The evolution of data removal procedures
The process of removing data from storage media has been examined by different government agencies and organizations during the past 20 years. Operating manuals usually specify two kind of procedures: clearing (to prevent recovering data using software) and purging/sanitizing (to prevent recovering data using laboratory techniques). While clearing procedures generally involve overwriting the HDD, purge procedures with higher security requirements can vary and range from overwriting techniques combined with the execution of internal HDD commands (firmware based erasure) to the degaussing or the physical destruction of media support. The nature of the data (confidential or not) as well as other considerations (drive leaving the organization or not) also define which procedure to follow.

Early 1990s
As early as the mid-1990s, operating manuals were released for classified information handling and data sanitization, the main one being the US Department of Defense’s National Industrial Security Program Operating Manual. This document specified that rigid magnetic disks should be sanitized by writing some “character, its complement, and then a random character” and is known as the “DoD 5220.22-M” standard.

Mid to late 1990s
In 1996, Peter Gutmann published a paper that upset the status quo by affirming that some laboratories were theoretically capable of retrieving data from overwritten hard disks by using sophisticated tools such as magnetic force microscopes. As a result, he proposed an overwriting method consisting of 35 passes! No need to panic, however, this algorithm was meant to be used on older HDD technology from the 1980s and 1990s that usedMFM/RLL line coding techniques. Also, this was a combination of three different algorithms to overwrite different line encoding schemes which partly explains the large amount of passes. The arrival of newer HDDs using PRMLtechniques in the late 1990s made the drives using MFM/RLL techniques obsolete, along with the Gutmann’s method. The same year security expert Bruce Schneier published a book containing a method for data overwriting using 7 passes.

2000
Curiously enough, early in 2000 several national agencies released operating manuals that recommended the use of more than 3 passes. A good example is the VSITR method by the German information security agency, BSI, which applied 7 overwriting passes. It became popular in Europe to use overwriting methods that consisted of 4 to 7 passes.

2006 and onward
Later in 2006, the DoD 5220.22-M operating manual removed all text mentioning any recommended overwriting method, and now leaned towards each entity making its own decisions based on its own risk and threat assessment. The US NIST in its Guidelines for Media Sanitization of 2006 stated that “for ATA disk drives manufactured after 2001 (over 15 GB) clearing by overwriting the media once is adequate to protect the media“. The HMG Infosec Standard 5 published by the British CESG currently defines two methods with 1 and 3 overwriting passes, the latter being almost identical to the 1996 “DoD 5220.22-M” standard. In 2012, the newer BSI GS/E standards were made public, combining 1-2 overwriting passes of random data with firmware based erasure.

Conclusion
The technology changes in the last 15 years such as the ever-increasing data density on disk platters have made all attempts to recover data after overwriting unlikely. Multiple overwriting is not an absolute necessity anymore.

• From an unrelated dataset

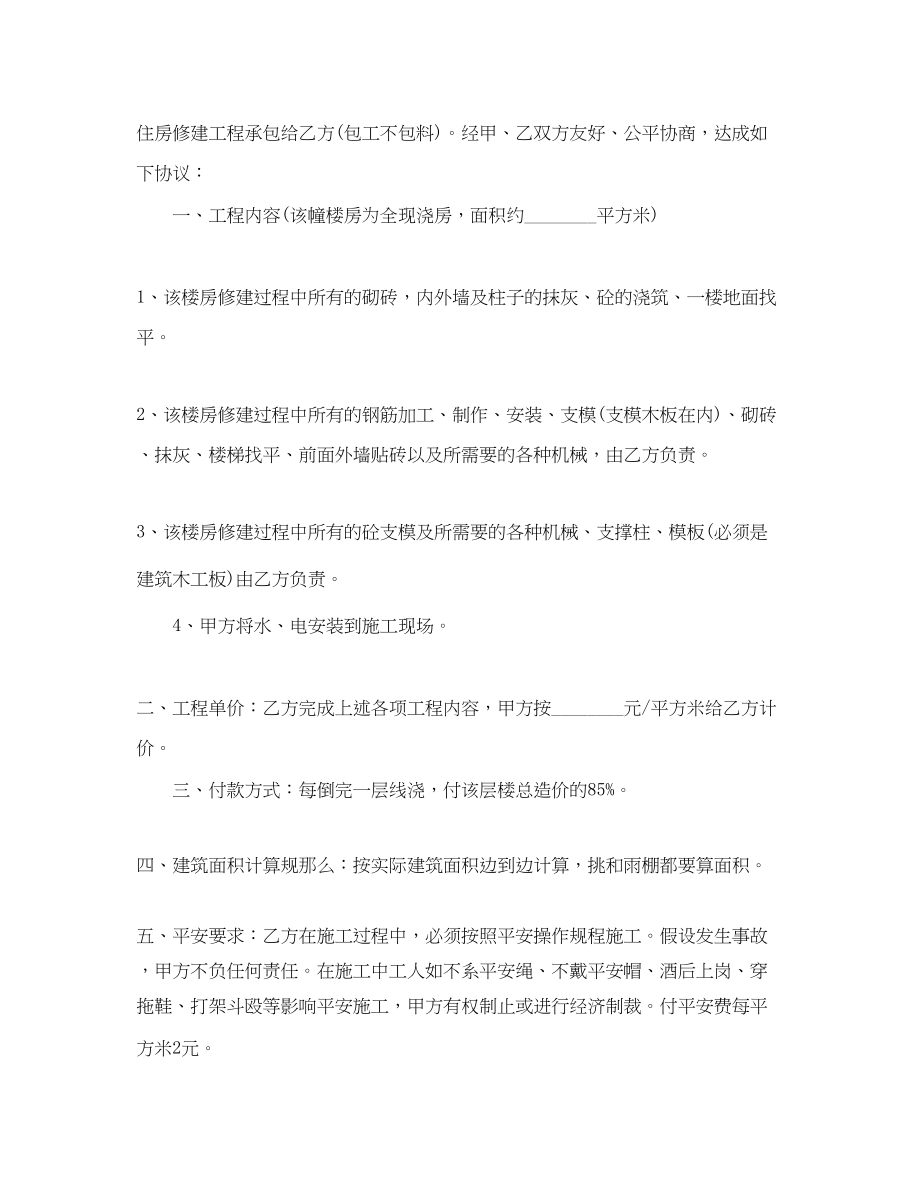 2023年厂房修建承包合同.docx_第3页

Regarding which algorithm to use, Peter Gutmann has stated that “for any modern PRML drive, a few passes of random scrubbing is the best you can do“. The NIST Guidelines for Media Sanitization (2006) also mention that “the security goal of the overwriting process is to replace written data with random data” as well as “executing the firmware Secure Erase command (for ATA drives only) and degaussing are examples of acceptable methods for purging“. Other research also follows that trend.

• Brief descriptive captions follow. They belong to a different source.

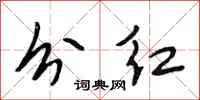 段相林分红行书怎么写
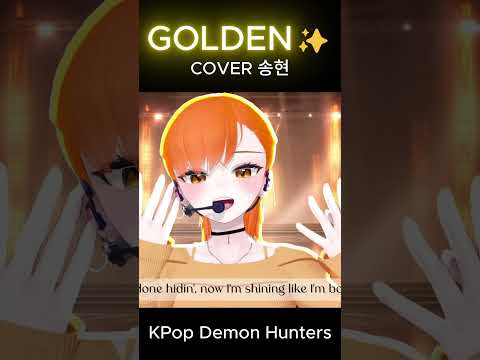미친고음범벅노래 GOLDEN✨커버 #kpopdemonhunters #golden #cover #huntrix #sajaboys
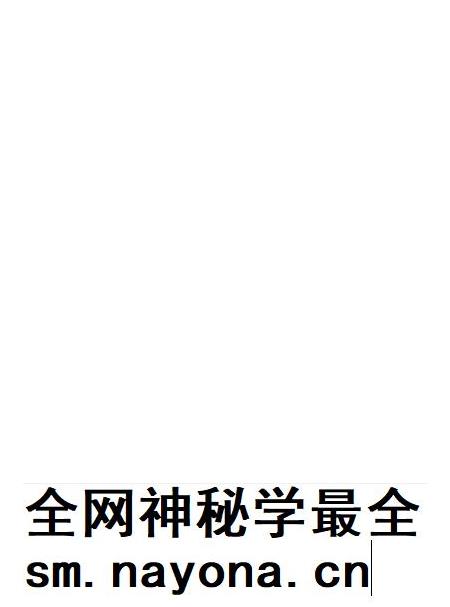 青花铁厂志1958-1985.pdf电子版_四川省志插图5 青花铁厂志1958-1985.pdf电子版_四川省志插图5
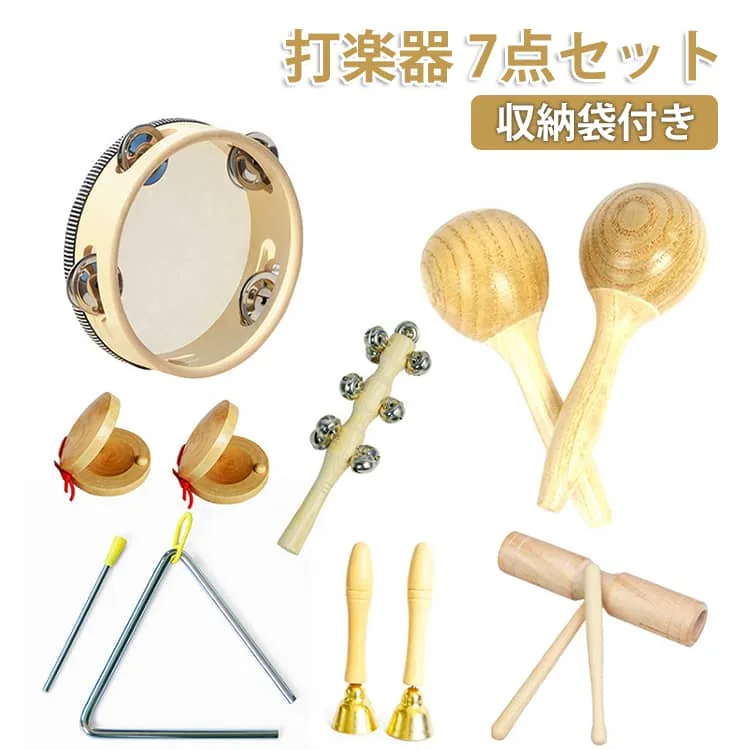 打楽器セット木のおもちゃ7点セットパーカッション収納袋付き子供用木製タンバリン教育用楽器玩具2歳幼稚園楽器セットおもちゃ幼児用音楽玩具ベビー男の子女の子0歳1歳収納袋付き3歳誕生日クリスマスプレゼント天然環境に優しい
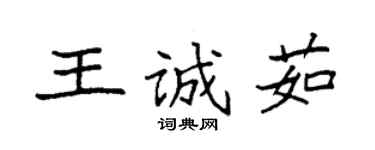 袁強王誠茹楷書個性簽名怎么寫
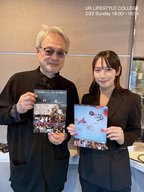 源孝志監督が登場！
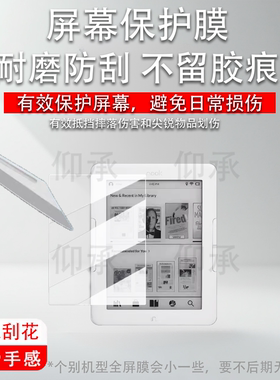 适用于nook巴诺6代glowlight3阅读器贴膜七代glowlight4s墨水屏保护膜6寸glowlight4e电子书屏幕膜类纸非钢化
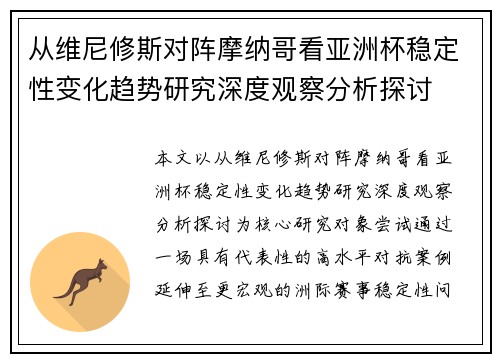 从维尼修斯对阵摩纳哥看亚洲杯稳定性变化趋势研究深度观察分析探讨 从维尼修斯对阵摩纳哥看亚洲杯稳定性变化趋势研究深度观察分析探讨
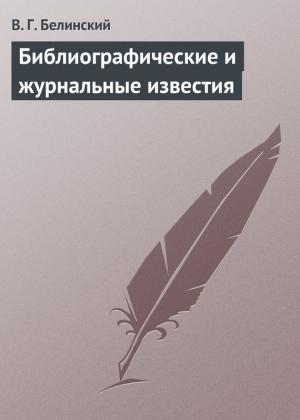 Обложка книги «Библиографические и журнальные известия» — Виссарион Белинский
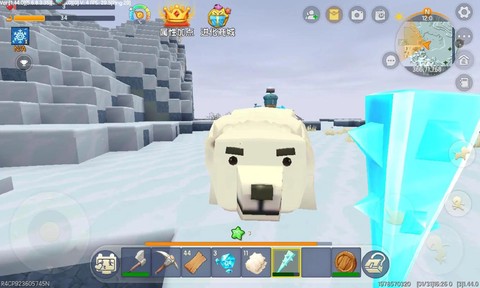 迷你世界怎么找北极[图2]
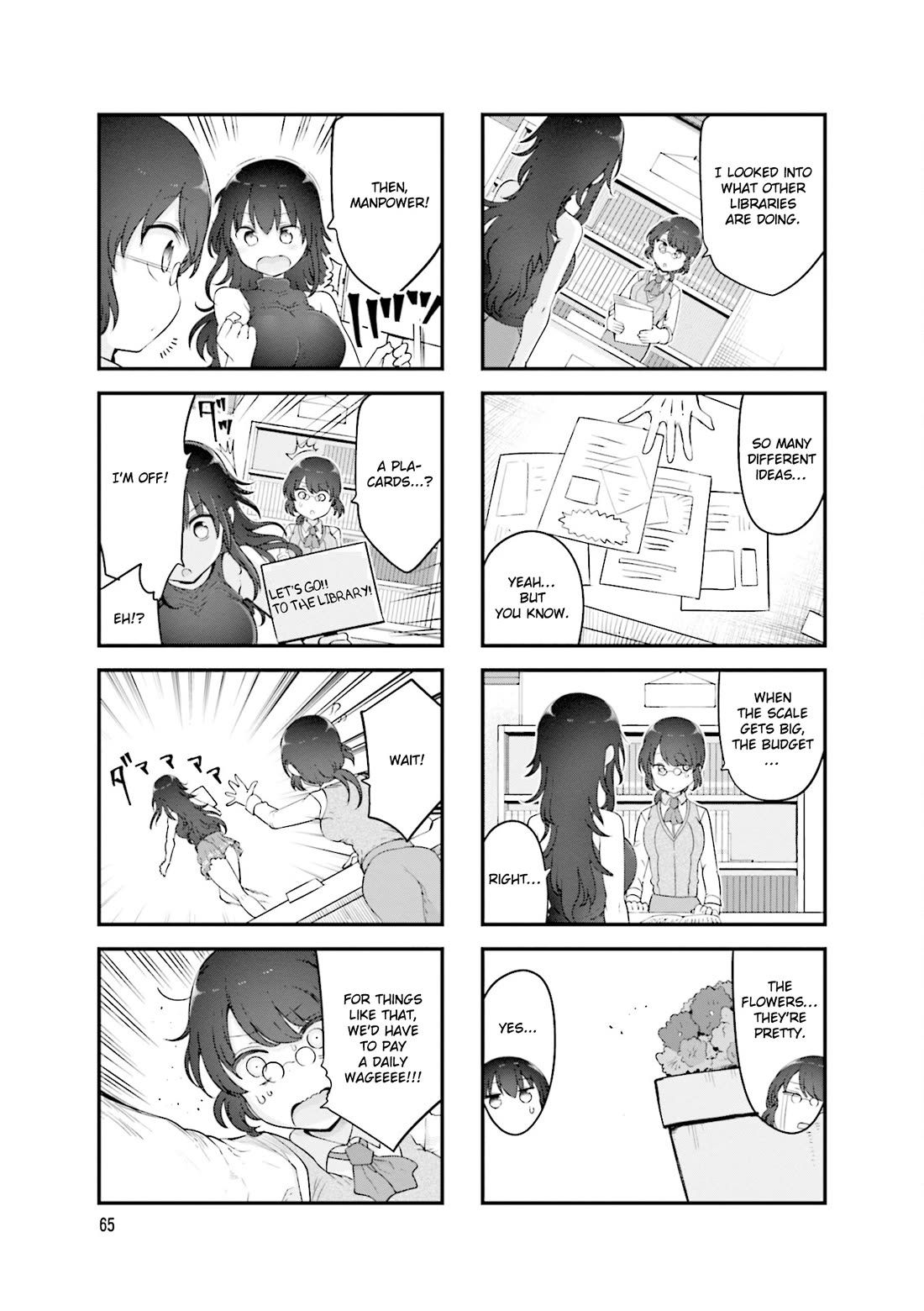 Komori-san wa Kotowarenai! chapter 144 page 4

To summarize, safe trends recommend:

  • Using an erasure standard with no more than 3 overwriting passes with at least one pass of random data
  • When available, utilizing the drive’s firmware based erasure commands is a valuable addition and indispensable for erasing sensitive data
  • Additionally, several guidelines recommend removing and erasing any hidden area on the HDD as part of the erasure process
  • Finally, the best erasure is the one you can prove, therefore, a report proving the erasure of a media support is a must.

Keep in mind too that the “optimal amount of rounds” is a compromise between the security you want in your overwriting process and the time you actually decide to spend on each processed asset.